Cryptocurrency

Animoca Brands’ Lympo NFT platform hacked for $18.7 million

Sports NFT minting platform and Animoca Brands subsidiary Lympo suffered from a hot wallet security breach and lost 165.2 million LMT tokens worth $18.7 million at the time of the hack.

A short Medium update from the Lympo team stated that on Jan. 10 hackers managed to gain access to Lympo’s operational hot wallet and “stole a total of approximately 165.2 million LMT from it.”

According to the post, ten different project wallets were compromised in the attack. It appears that most of the stolen tokens were sent to a single address, swapped for Ether (ETH) on Uniswap and Sushiswap, then sent elsewhere.

LMT price tumbled 92% to $0.0093 after hackers transferred then sold the loot from the project’s hot wallets.

A subsequent Jan. 11 tweet from the team stated that they were “working on stabilizing the situation and resuming all operations back to normal.” The team also stated that it had removed liquidity LMT from liquidity pools to “minimize disruption to token prices.”

Removing liquidity from pools that trade LMT means that traders will not be able to buy or sell any significant amount of the tokens without experiencing a dramatic loss of value on their trade.

Early on Jan. 11, the team urged traders to refrain from buying or selling any LMT tokens while they completed their investigation and determined the next best course of action.

As a subsidiary property of Animoca Brands, Lympo may benefit from intervention from the Animoca team.

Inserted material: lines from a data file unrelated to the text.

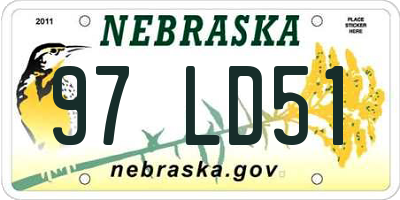 NE license plate 97LD51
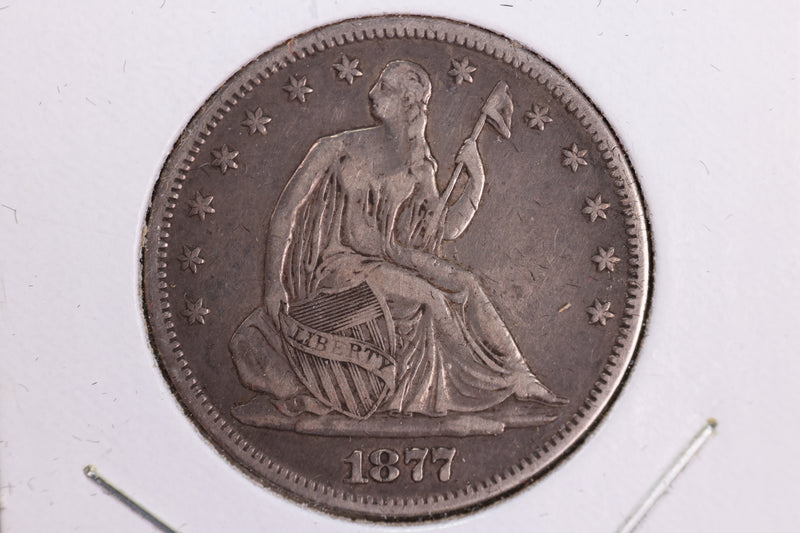 1877-S Liberty Seated Half Dollar, Affordable Circulated Coin. Store Sale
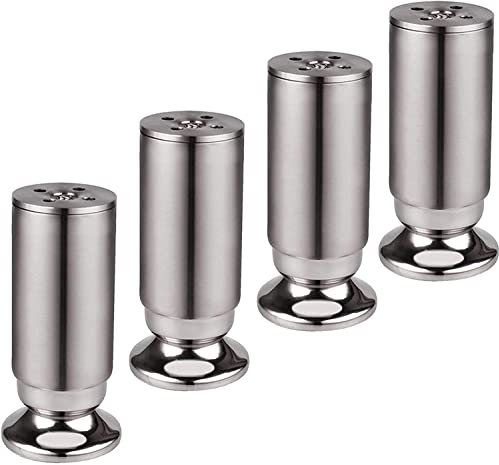 4 Stück Metall-Möbelbeine, silberne verstellbare Tischbeine, Stahl-Möbelfüße, Möbel-Nivellierfüße, TV-Schränke, Sofafüße, Couchtisch-Stützbeine, Edelstahl (Farbe: Silber, Größe (Silber 30).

Animoca CEO Yat Siu told Cointelegraph, “We are working with Lympo to assist them on a recovery plan, but we don’t have any specific mechanisms.”

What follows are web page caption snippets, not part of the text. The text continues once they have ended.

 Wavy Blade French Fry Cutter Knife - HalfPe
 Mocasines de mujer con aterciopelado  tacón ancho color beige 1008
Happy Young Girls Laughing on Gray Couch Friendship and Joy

The second hot wallet hack this week

Centralized crypto exchange LCX also suffered from a security breach on one of its hot wallets, leading to the loss of nearly $7 million on Jan. 8. In this case, the hacker made off with stacks of eight different crypto assets.

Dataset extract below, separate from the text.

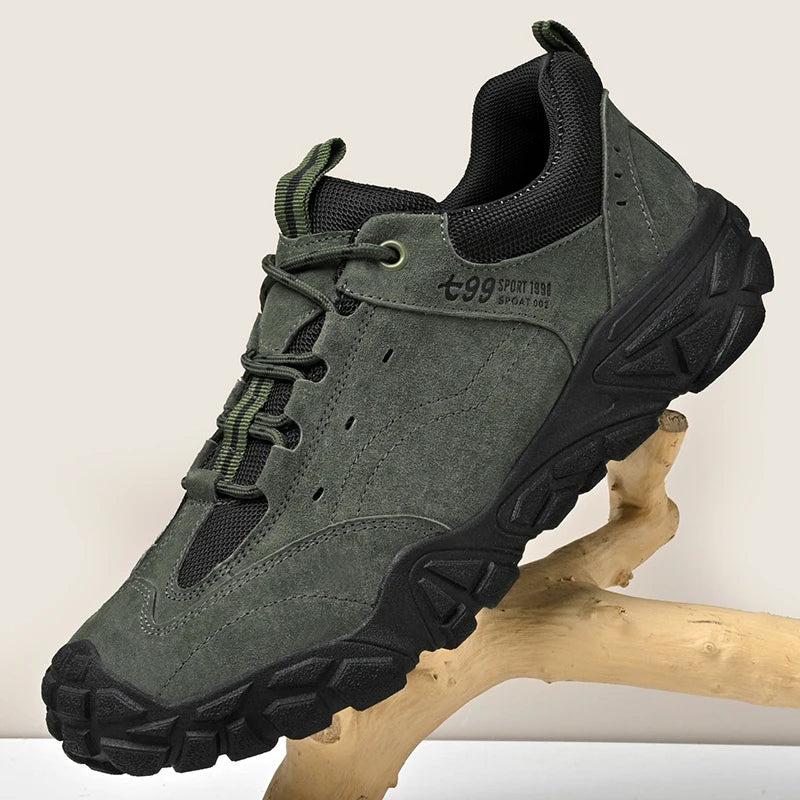 Vintage Style Men's Casual Shoes Anti-Slip Suede Leather Sneakers Lightweight Sports Shoes Round Toe Treking Footwear Trainers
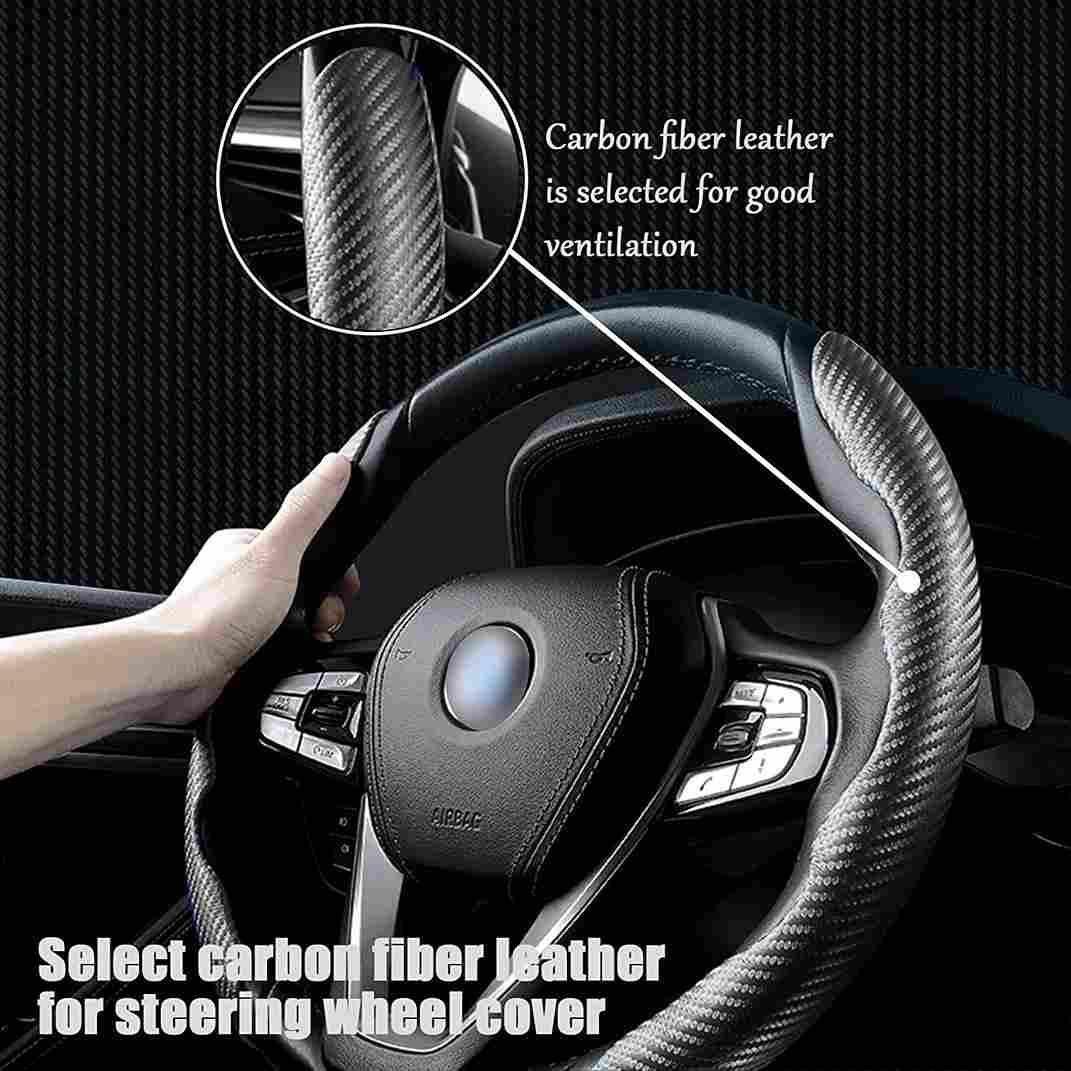 Buy New Carbon Fiber ABS Texture Steering Wheel Grip Cover for Cars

LCX lost varying amounts of MKR, ENJ, LINK, QNT, SAND, ETH, LCX, and USDC. The majority of the funds were converted to ETH then sent to Tornado Cash, a privacy tool designed to hide the source and destination of ETH.

Related: ImmuneFi report $10B in DeFi hacks and losses across 2021

The LCX team released an update on Jan. 10 assuring users that they would be compensated for the losses incurred and that no personal data was compromised during the attack. The team wrote:

“LCX will use our own funds to cover the incident and compensate affected users. There will be no impact on user balances at LCX.”